Não desejo, porém, descambar para o velho e repisado tema do processo de redação. Não estou a fim de chover no molhado. Melhor dizer algo mais a respeito dos galos, que seguem firmes com as suas canções gregorianas. Há também alguns grilos estridulando em miúdos esconderijos nas imediações.
Em breve explodirá a algazarra dos pássaros que ocupam o condomínio da mangueira no quintal da casa aos fundos. Imagino que consigo ouvir alguns pipilos daqueles bichinhos alados mais madrugadores. Volto à cafeteira e pego outra meia xícara. Dizem que não é algo saudável tomarmos em jejum.

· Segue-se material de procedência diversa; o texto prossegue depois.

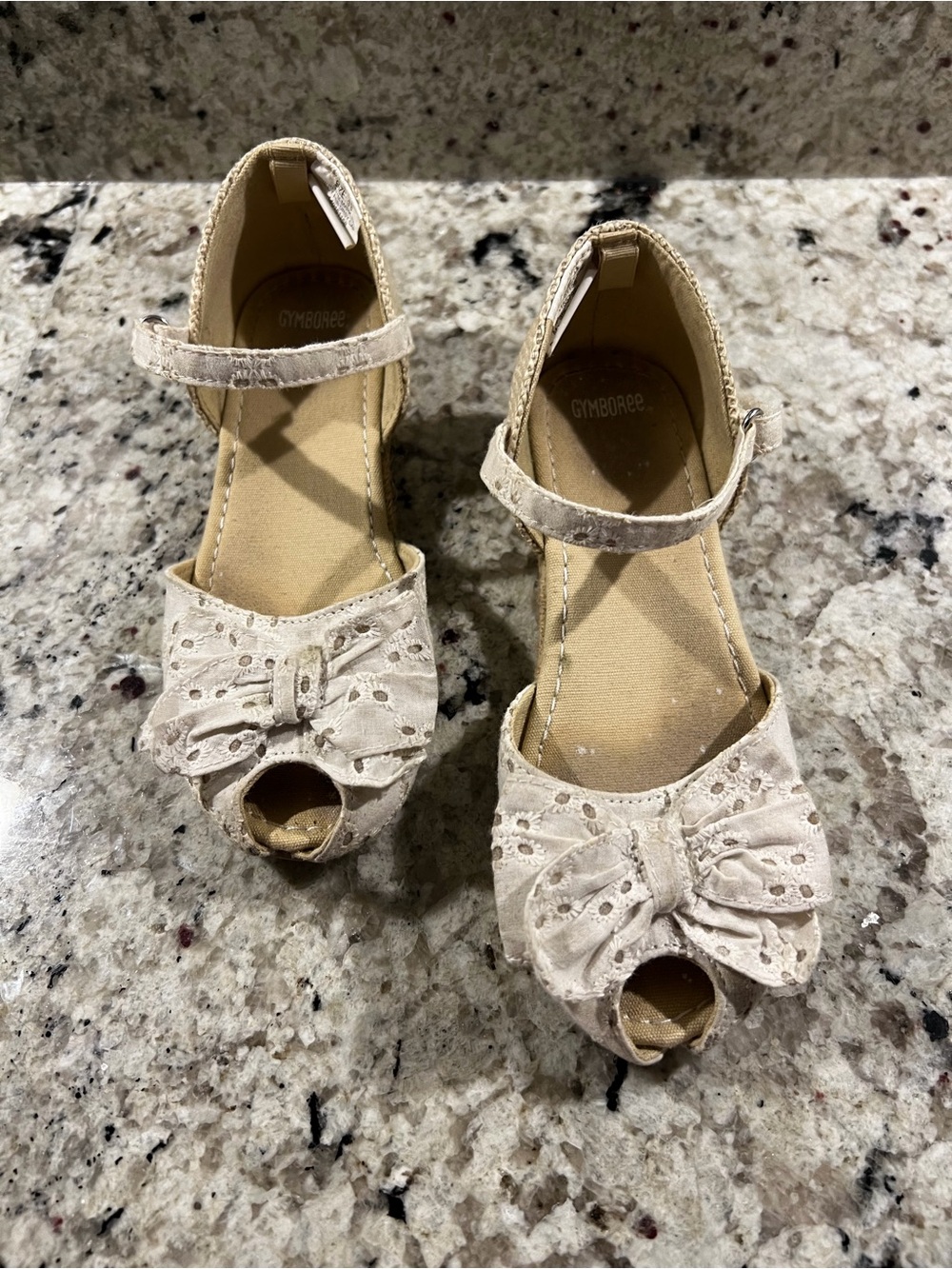 Girls Gymboree Ivory Eyelet Peep-Toe Bow Sandals. Ankle Strap. Size 13.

Confiro a temperatura: vinte e dois graus. Seria uma bênção se ao meio-dia não chegasse aos trinta e sete ou mais; isso com sensação térmica de quarenta. Dou seguimento a estas linhas já um tanto cabeceando. É o que estou dizendo. Apesar dos tragos moderados de café, parece que a sonolência está de volta. A passarada iniciou sua festança nos ramos da portentosa mangueira do vizinho.
A solidão me faz companhia na maior parte do tempo. É verdade. Vivo só há quase vinte anos. Estou habituado. Mas existem ocasiões em que penso que baterei as botas a qualquer instante sem que ninguém fique sabendo. Sentirão minha falta depois de longo tempo e aí um chaveiro dará um jeito de abrir a porta. Desse modo encontrarão o meu corpo em avançado estado de enrijecimento.
Mas não falemos (perdoem este sapateiro das letras) acerca dessas questões funestas, de nada disso que possa representar melancolia, baixo astral nem pessimismo. Não posso morrer agora. Como eu costumo dizer, o preço do caixão está pela hora da morte. Quiçá as Olimpíadas sejam uma boa saída; assunto melhor para se abordar. Acontece que estou por fora dos jogos olímpicos. Tenho visto meramente um fragmento aqui e outro acolá quanto aos eventos esportivos que se passam em Paris. Futebol?! O tal do Brasileirão?! Está por completo longe do meu campo de interesse. Não tenho nadica de nada a dizer concernente a esse aclamado esporte.
Bem, prezados leitores, é chegado o momento de colocarmos um ponto final nessa conversa-fiada. Espero que noutra circunstância, quando a literatura estiver menos arisca, menos arredia, eu lhes ofereça uma narrativa digna do tempo e atenção de vocês. Escrever não depende tão somente de vontade própria.